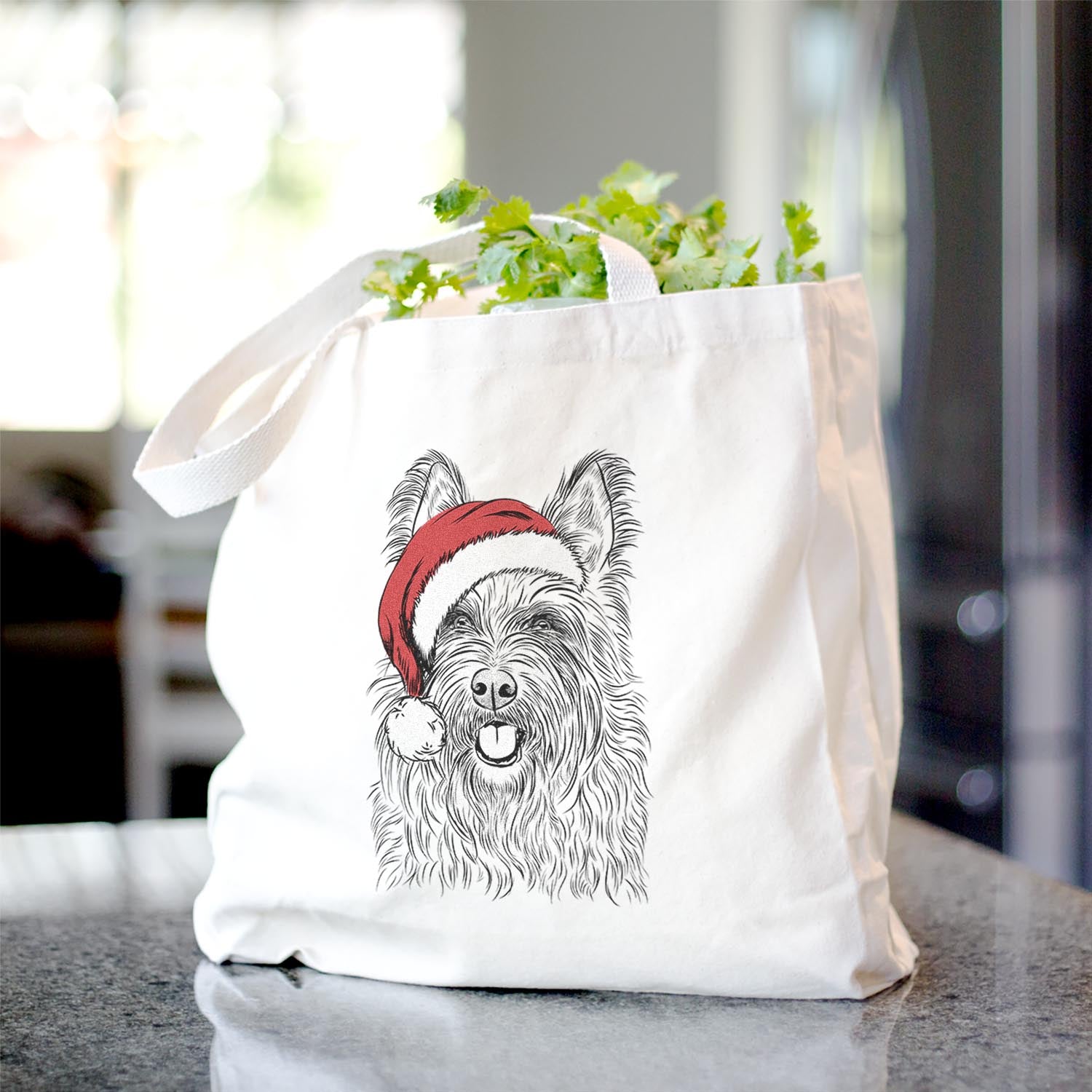 Kyros the Berger Picard - Tote Bag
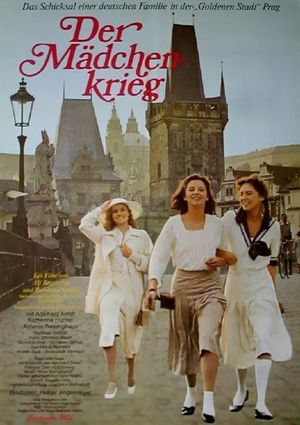 Maiden's War's poster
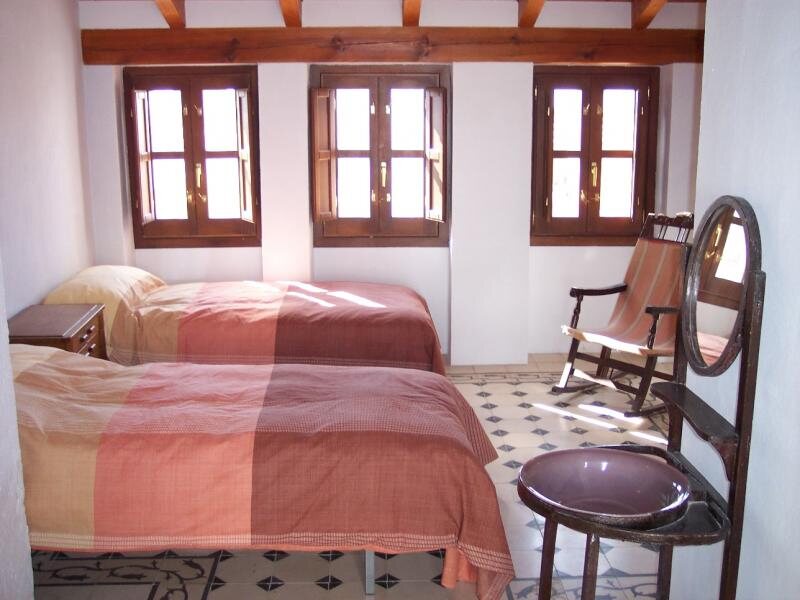 La Casa Del Callejón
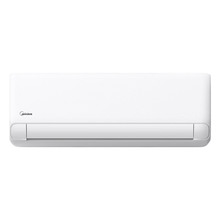 美的KFR-26GW/N8XA1P空调清凉一级省电节能大1匹卧室变频冷暖挂机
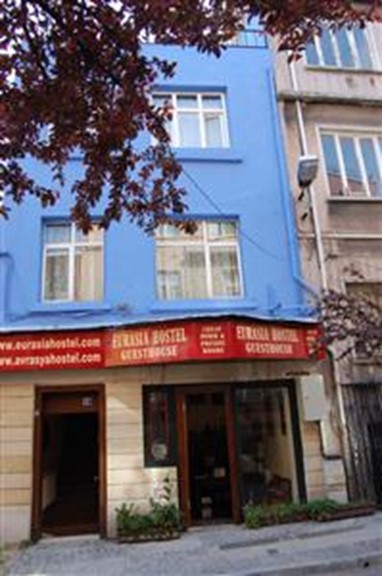Eurasia Hostel Istanbul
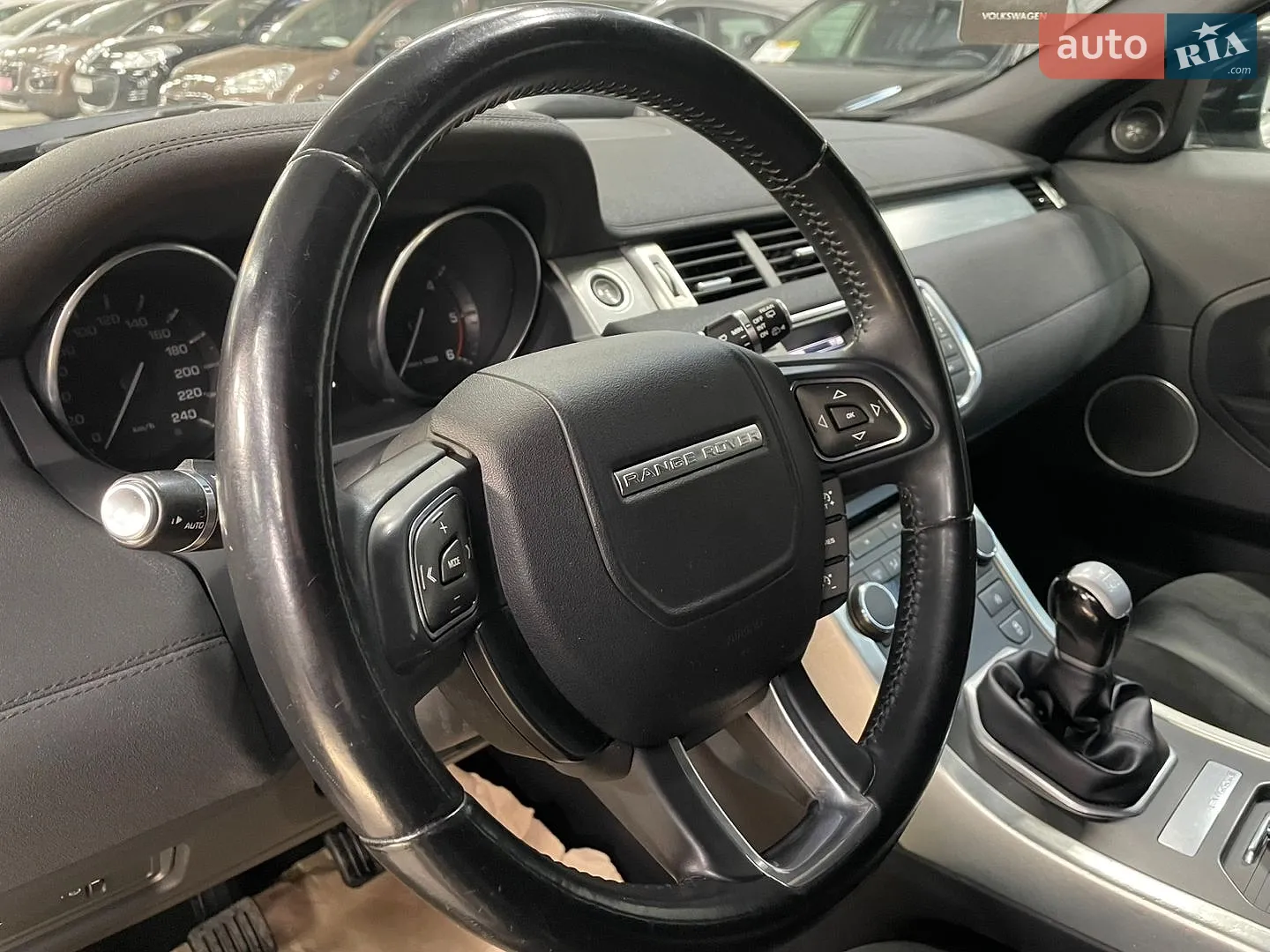 2014 Land Rover Range Rover Evoque - мініатюра 64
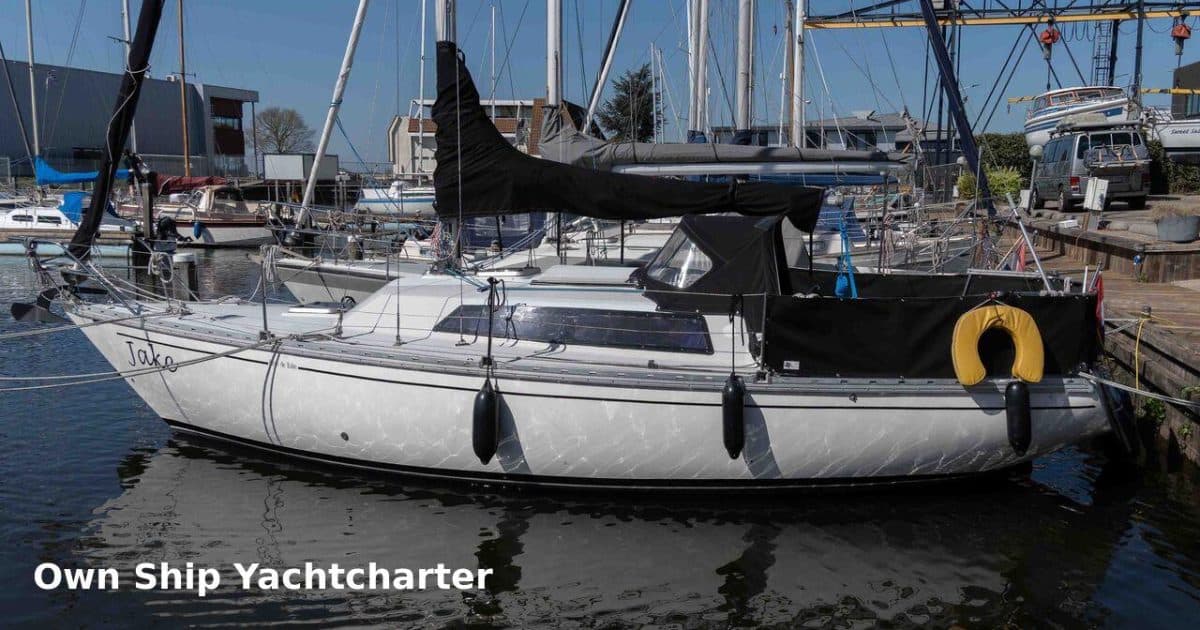 Jeanneau Brin de Folie 30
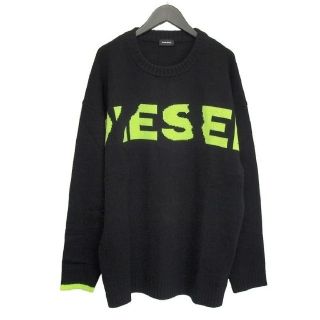 ディーゼル(DIESEL)のこらちゃんさま専用　DIESEL K-LOGOX　クルーネックニット　Mサイズ(ニット/セーター)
---+---
Task prompt:
Exclude every picture and restate the listing word for word.

Task result:
 Kyros the Berger Picard - Tote Bag
 Maiden's War's poster
 La Casa Del Callejón
 美的KFR-26GW/N8XA1P空调清凉一级省电节能大1匹卧室变频冷暖挂机
Eurasia Hostel Istanbul
 2014 Land Rover Range Rover Evoque - мініатюра 64
 Jeanneau Brin de Folie 30
 ディーゼル(DIESEL)のこらちゃんさま専用　DIESEL K-LOGOX　クルーネックニット　Mサイズ(ニット/セーター)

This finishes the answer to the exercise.